In a change from the usual travel posts, an article I read this week resonated with me, reminding me of one of the many influential people who have crossed my path along the way and helped to make me who I am.
Jane Lunnon, Head Teacher of Wimbledon High School in London, has been in the news here in the UK for encouraging pupils at her all girls school to identify with the heroines of Shakespeare’s plays rather than modern celebrities. Whilst I agree with the sentiment behind Ms Lunnon’s actions, I’m not sure why her students’ role models have to be limited to the Bard’s women (particularly when you consider that all parts were portrayed by male actors when the plays were first performed and many spend much of the action dressed as the opposite sex). I suspect that my views are partly influenced by the fact that I have long been taught that my gender should not determine my fate. One particular example of this lesson also involved Shakespeare and a school teacher.
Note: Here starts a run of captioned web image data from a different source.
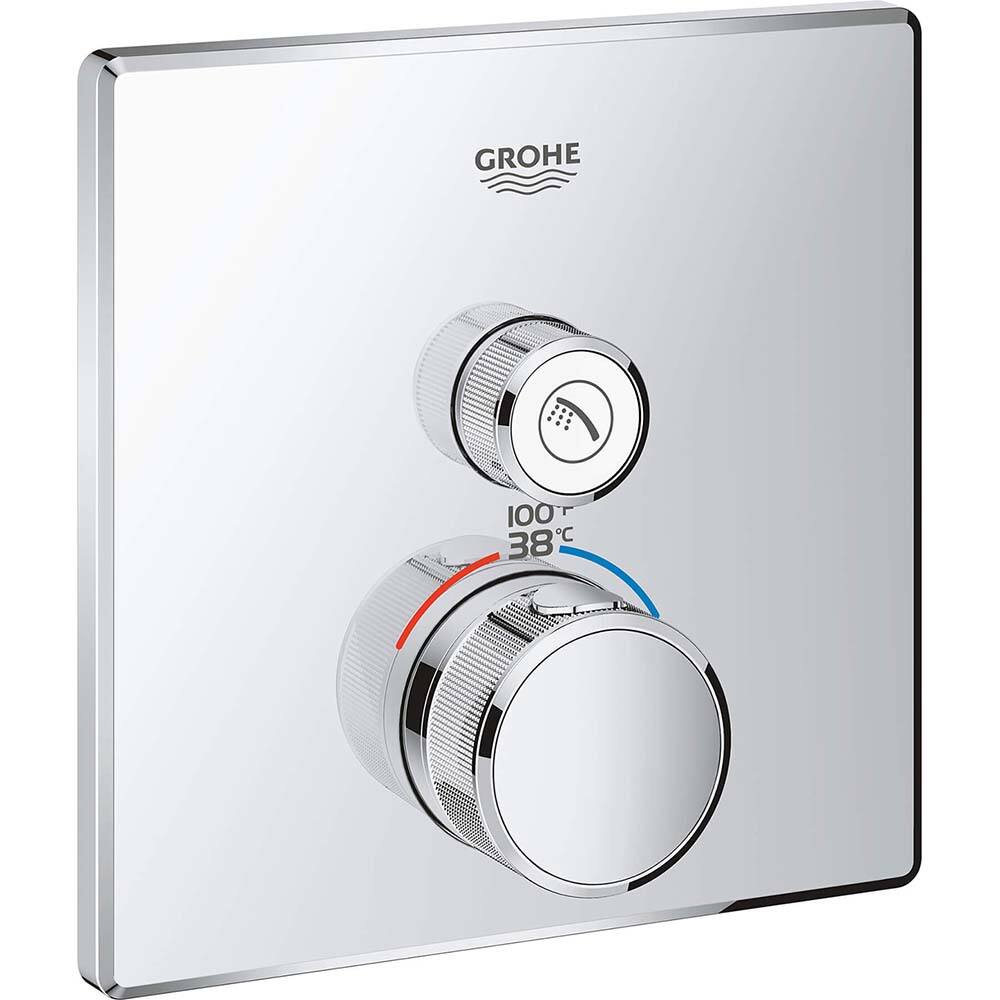 Grohe - Tub & Shower Faucets; Type: Valve Only Trim kit ; Style: Grohtherm Smartcontrol ; Design: Check Valve ; Material: Metal ; Handle Type: Knob ; Handle Material: Metal - Exact Tooling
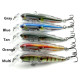 10 pieces/bag Fishing Minnow baits  with 6 # treble hooks bionic fish group Carp Fishing Lures Bass Fishing Tackle ,11g/0.38oz 10.5cm/4.13in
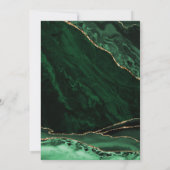 Agate Emerald Groen Goud 90e Verjaardag Kaart (Achterkant)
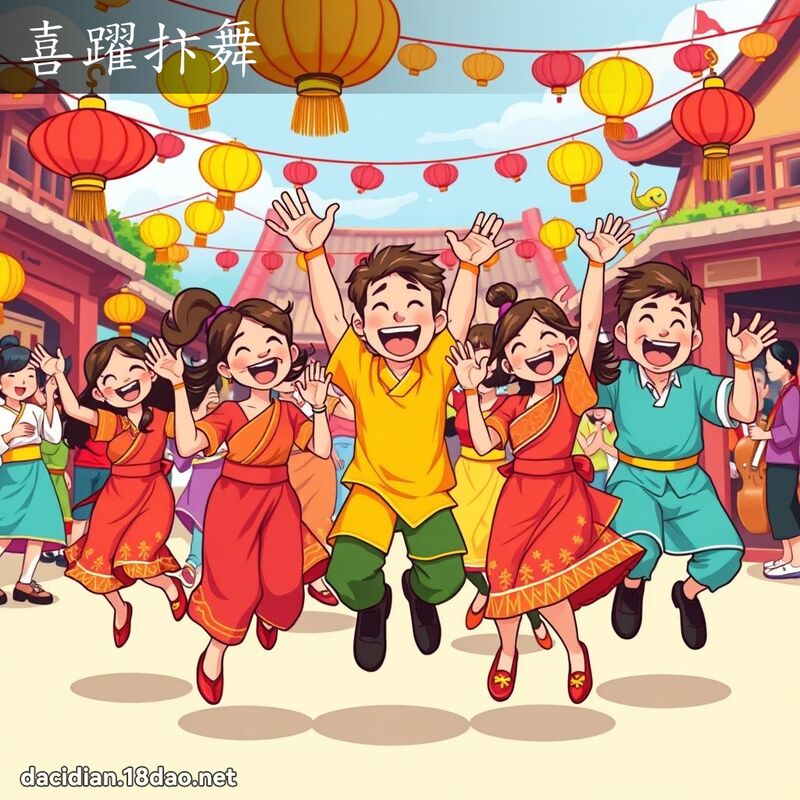 喜躍抃舞 - 國語大辭典配圖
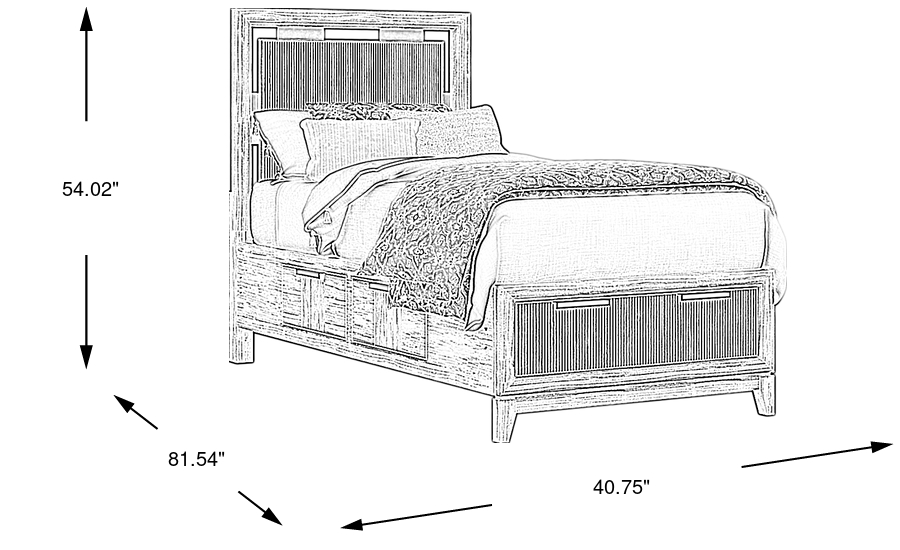 Dimension Image. Please refer to the Dimension Tab on this page for dimension details.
As a child I loved books and words and drama. I desperately wanted to be an actor. When I was about nine I was taken to watch a performance of A Midsummer Night’s Dream which was being staged by the local Secondary school. Also in the crowd that evening was Mrs Doyle, the teacher who ran my Primary school’s extra curricula drama club. She spotted me in the audience and, in the playground the next day, she stopped me to ask if I had enjoyed the show. When I said that I had she wanted to know which character I would like to be if we were to put on the play. Titania was my instant reply.
All these years later I still remember the surprise on her face. ‘Really?’ she said, ‘I have always pictured you as Puck’. This confused and disappointed me. Why wouldn’t I want to be Titania? To my young mind she was the lead, the Queen of the fairies in a play about fairies. She was magical and powerful, all of the things that I longed to be. Was I not good enough to be a Queen? Not good enough even to play at being a Queen?
Like all good life lessons, the true meaning behind my teacher’s words only came to me much later when I was better able to appreciate and understand the sexual and class politics the play explores. Queen of the fairies Titania may be, and more than a match for her husband, but still she is fooled, tricked out of her prized favourite, subjected to derision and, eventually, pacified.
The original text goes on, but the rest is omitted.